Taking Viacommunity a couple dozen miles east of Manhattan wasn’t that much of a change for Farrell, though. She’s accustomed to bringing Viacommunity in-house for duty-bound NOC employees who would like to participate in offsite events but cannot, as doing so could lead to a broadcast disruption. Her and the NOC HR team organized garden sales for Team Taylor and  the Honeysuckle Foundation, and joined up with  the Red Cross and Operation Goody Bag to prepare comfort kits to distribute to veterans or soldiers stationed abroad.

Her goal this year is to connect Viacommunity with Stars of Hope, which provides hand-decorated stars to areas in need of inspiration. The charity’s efforts deeply moved her following Sandy, when these stars poured in from around the country with words such as “hope” or “community” splayed across them.

“Viacommunity is one of the main reasons I love working here,” Farrell says. “People always ask me how I do all the volunteering with my job, and I tell them that I’m completely fortunate to work where I do. For one, because of how much they care about people, and I cite the example of how they put my family up after Hurricane Sandy. And two, it gives employees a sense of pride to work for a place that has those values. We’re all focused on working, working, working, but it’s important to have that balance and that ability to switch gears to focus on something just as important as work.”

Giving back is core to Farrell’s life, however, and she doesn’t limit her philanthropy to Viacommunity. Her whole family fundraises and participates in events for Mustaches 4 Kids Long Island Chapter, which raises money for pediatric care at Memorial Sloan Kettering. They’ve raised more than $70,000 per year over the past three years and they organize an annual visit to keep the sick children company. Her work there was a serendipitous silver lining to Hurricane Sandy – she met the core of the group in the storm’s aftermath and latched onto their commitment.

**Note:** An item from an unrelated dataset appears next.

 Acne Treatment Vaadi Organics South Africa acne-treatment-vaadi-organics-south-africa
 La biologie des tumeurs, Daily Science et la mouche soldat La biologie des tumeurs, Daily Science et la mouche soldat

Farrell has always volunteered, but something shifted when she became a parent nearly a decade ago. Now, Jack, Ryan and Liam join the family for Mustaches for Kids and Stars of Hope events. “It’s a good role model for my kids,” she explains. “Everything and anything I’ve done in Long Beach, I try to bring them along to participate. They love it. They don’t know any different. They don’t know that they’re doing anything out of the ordinary. It’s just what they do.”

Now in its 20th year Viacommunity, our social responsibility umbrella, has become more than just something we do – it is part of who we are, a core value of our company. To underscore how deeply embedded giving back is to our identity, the Viacom blog is profiling 20 employees who embody the Viacommunity spirit in their everyday lives.